Ela dançava, lecionava, contava histórias e atuava. Mas sentia-se mais como atriz do que como qualquer outra coisa – ah, a legião de artistas que se alimentam dos seus míseros salários de funcionários públicos que parecem ter saído do poema “Não há vagas” de Ferreira Gular. E como atriz era uma excelente filósofa. Dessas que buscam o tempo todo o “algo além” perdido nas entrelinhas da vida. Seu corpo grande e intranqüilo buscava na dança acalmar-se. Sua voz macia buscava expressar-se – a si e a voz em si – para dar sua contribuição ao mundo em forma de som verdadeiro. Ela pretendia que tudo o que viesse a dizer fosse verdadeiro, mesmo que as palavras não fossem suas ou não pertencessem ao grupo das verdades absolutas. Ela autorizava palavras de outros, mas era criteriosa para essa autorização. As histórias que contava eram histórias para um mundo melhor. E atuar. Atuar completava sua paleta de busca por auto-conhecimento. Sua última peça, contudo, não havia tomado a direção do verdadeiro prático, ficando sua atuação presa no nível de intenção. E como quando sentimos que a nossa verdade não atingiu muitos metros além do nosso corpo – não porque não tenhamos sido verdadeiros, mas pelo fato triste de que interlocuções podem ser mais cabos de guerra ou muros, mais isso do que estradas retas. Dar um tempo com teatro seria necessário. Chegando em casa depois da última apresentação, olhou desconfiada para o velho companheiro de vidro reflexivo e tomou a decisão: “Preciso mudar um pouco”.

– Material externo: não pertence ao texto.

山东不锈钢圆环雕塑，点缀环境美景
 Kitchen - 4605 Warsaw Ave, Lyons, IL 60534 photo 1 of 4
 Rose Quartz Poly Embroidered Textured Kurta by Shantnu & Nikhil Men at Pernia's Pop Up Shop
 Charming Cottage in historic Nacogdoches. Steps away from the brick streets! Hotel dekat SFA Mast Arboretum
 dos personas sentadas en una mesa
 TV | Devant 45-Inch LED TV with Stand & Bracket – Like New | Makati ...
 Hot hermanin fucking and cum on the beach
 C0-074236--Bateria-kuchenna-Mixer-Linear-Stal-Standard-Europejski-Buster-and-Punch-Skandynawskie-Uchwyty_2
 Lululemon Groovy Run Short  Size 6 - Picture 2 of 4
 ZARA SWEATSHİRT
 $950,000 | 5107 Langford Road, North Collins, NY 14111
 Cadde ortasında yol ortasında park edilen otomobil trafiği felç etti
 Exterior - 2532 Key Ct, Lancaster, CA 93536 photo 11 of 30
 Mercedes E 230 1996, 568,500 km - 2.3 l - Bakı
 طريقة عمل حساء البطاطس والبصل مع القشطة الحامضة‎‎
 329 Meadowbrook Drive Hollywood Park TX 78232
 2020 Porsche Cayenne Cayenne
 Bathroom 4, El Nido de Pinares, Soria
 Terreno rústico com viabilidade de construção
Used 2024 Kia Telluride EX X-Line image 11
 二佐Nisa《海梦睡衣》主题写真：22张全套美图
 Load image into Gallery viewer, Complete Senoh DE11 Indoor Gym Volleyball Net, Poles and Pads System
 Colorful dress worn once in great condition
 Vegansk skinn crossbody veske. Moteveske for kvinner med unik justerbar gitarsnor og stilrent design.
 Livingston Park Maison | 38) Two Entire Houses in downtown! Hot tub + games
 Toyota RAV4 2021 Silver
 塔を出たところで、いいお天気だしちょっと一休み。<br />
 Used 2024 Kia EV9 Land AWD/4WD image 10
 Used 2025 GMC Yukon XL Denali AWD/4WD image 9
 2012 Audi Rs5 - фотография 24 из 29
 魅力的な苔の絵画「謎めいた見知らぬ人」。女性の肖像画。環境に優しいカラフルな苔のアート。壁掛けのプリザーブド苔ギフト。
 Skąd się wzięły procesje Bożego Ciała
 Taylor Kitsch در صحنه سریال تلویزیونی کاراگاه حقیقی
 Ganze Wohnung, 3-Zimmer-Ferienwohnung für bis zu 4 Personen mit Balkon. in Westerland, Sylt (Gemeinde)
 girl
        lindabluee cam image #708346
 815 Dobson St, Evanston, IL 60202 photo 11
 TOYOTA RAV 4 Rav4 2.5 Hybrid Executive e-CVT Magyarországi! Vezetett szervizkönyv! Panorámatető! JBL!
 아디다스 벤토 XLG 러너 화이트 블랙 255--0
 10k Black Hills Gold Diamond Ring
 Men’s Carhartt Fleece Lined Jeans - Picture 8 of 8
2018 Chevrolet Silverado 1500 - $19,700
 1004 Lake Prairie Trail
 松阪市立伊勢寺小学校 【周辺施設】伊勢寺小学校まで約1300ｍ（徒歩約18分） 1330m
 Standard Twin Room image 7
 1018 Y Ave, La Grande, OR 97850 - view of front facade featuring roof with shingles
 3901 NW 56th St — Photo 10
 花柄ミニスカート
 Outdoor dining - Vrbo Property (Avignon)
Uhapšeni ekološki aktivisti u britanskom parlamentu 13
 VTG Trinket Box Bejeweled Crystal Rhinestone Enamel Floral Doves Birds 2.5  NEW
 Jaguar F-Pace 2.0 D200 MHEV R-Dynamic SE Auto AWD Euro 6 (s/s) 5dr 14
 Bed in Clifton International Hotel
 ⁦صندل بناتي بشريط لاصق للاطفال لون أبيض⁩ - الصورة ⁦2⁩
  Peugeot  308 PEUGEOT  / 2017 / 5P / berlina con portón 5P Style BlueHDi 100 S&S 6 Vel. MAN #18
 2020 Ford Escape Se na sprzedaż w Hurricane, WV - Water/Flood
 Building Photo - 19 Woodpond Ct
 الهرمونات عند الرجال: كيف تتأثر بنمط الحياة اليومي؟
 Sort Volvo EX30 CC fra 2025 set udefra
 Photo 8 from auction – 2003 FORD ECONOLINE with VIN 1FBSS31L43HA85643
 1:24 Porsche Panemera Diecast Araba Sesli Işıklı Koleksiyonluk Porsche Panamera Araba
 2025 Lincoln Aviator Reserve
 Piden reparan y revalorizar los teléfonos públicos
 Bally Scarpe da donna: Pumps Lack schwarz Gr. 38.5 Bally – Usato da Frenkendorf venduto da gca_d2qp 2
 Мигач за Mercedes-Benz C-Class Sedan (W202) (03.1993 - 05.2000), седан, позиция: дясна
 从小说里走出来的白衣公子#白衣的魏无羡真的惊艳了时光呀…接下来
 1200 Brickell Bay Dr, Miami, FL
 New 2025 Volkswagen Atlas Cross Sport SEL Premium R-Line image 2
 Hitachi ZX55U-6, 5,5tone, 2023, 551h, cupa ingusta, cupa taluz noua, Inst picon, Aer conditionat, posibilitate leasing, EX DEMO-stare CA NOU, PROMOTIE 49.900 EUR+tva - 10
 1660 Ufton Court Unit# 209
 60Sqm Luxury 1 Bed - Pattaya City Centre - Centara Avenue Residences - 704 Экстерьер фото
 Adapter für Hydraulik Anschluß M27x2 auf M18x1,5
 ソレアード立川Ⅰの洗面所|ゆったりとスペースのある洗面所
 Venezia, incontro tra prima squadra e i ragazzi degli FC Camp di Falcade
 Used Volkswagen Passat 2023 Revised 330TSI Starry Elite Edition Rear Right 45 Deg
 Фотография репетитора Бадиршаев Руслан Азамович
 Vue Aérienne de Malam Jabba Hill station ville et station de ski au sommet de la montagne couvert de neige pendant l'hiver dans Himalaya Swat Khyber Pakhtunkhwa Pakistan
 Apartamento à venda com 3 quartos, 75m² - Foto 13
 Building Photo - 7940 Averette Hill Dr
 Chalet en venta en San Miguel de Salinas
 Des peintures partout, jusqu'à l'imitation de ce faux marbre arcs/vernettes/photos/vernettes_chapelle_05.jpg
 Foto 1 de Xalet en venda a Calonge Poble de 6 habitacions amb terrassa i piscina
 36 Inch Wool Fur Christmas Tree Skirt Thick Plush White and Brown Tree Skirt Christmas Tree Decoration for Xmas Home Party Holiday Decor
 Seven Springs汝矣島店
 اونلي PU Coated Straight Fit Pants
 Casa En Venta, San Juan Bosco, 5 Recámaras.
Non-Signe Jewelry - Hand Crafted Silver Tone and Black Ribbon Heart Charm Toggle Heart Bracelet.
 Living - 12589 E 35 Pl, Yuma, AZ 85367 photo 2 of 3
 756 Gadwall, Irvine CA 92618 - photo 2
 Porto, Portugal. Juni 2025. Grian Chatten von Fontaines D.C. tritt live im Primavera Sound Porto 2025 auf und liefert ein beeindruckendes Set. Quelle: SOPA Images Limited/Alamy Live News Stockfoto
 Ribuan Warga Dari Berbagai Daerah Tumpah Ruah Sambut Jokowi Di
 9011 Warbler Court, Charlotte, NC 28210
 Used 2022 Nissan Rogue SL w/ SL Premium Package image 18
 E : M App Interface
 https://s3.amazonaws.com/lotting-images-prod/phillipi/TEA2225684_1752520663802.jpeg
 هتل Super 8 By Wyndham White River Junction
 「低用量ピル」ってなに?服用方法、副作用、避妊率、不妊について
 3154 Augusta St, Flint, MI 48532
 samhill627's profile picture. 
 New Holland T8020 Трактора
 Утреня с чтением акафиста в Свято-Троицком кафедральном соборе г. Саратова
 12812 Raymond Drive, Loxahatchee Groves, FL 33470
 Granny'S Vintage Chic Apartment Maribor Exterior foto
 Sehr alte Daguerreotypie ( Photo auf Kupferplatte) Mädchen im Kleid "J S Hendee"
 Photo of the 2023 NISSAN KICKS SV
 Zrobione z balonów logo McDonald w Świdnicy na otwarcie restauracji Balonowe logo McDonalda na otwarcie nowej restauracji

Novo corte de cabelo. Nova cor. Feito. Olhos nos olhos no espelho mais uma vez – e isso era sempre meio constrangedor, pois não se confia em espelho. Os olhos do espelho pareciam-lhe mortos, como olhos de tubarão. Quase pediu conselho ao espelho, até lembrar que não se pode confiar neles – em nenhum deles. Abaixou a cabeça e virou-se, andando noutra direção, para poder assim melhor pensar. Pensou em viajar. Sair da cidade por uns dois dias. Talvez três. Talvez um primeiro passo para uma temporada bem maior que o imaginável. Fazer mala. Embrulhar-se para viagem. Mala feita. Ser físico devidamente embrulhado. Mulher devidamente embrulhada e estômago também. A essa altura já hesitava em dar uma última olhada no companheiro de vidro vivo. Medo dele. Saiu sem se conferir a beleza. Pés no corredor do prédio, trancou a porta. Elevador ou escada? Escada. Desceu. A descida foi longa, mais do que seria uma subida. Pensou dezenas de pensamentos por degrau, como uma metralhadora giratória cega. Chegando lá fora – no ante-começo de lá fora – perturbou-se com a monstruosa luz cinza da tempestade que se anunciava com suas músicas de vento. Parou. Pensou: “Esqueci algo. Não posso sair assim”. Voltava. Subiu com a mente menos cheia e menos giratória. Desta vez de elevador. Fechadura. Tapete. Portal a ser atravessado rumo ao espelho. Espelho triste pela ausência de sua dona. É isso. Ela era, sem que percebesse ou lembrasse, dona do espelho. Passou um batom vermelho. “Espelho. Meu espelho” – o chamou finalmente de seu. O vermelho do batom lhe trouxe uma súbita alegria. Quase sorria para o rosto que ficava mergulhado na parede, como mágica. Antropologicamente, entendeu porque os índios do século XVI foram vencidos pelos espelhos. Espelhos de mão nos aprisionam dentro do nada. Espelhos de parede aprisionam nossos dobros dentro da parede. Só bebês e animais sabem que quem vemos dentro da parede através do espelho não somos nós. Terminou então de passar seu batom vermelho e fez seu movimento louco: sorriu finalmente para o espelho, com os olhos felizes direcionados aos da outra na parede – a mulher bonita que mora dentro da parede. Alívio. Enxergou a beleza da mulher-gênio dentro da parede, e das belezas dentro de si como mulher pensante de carne, osso e desejo. Fome. Geladeira. Televisão. “Amanhã viajo”, pensou, desta vez alegre e em paz. Na última caverna da alma o doce som dos aplausos. O que houvera antes esquecido era a mulher que morava dentro da parede. Era setembro.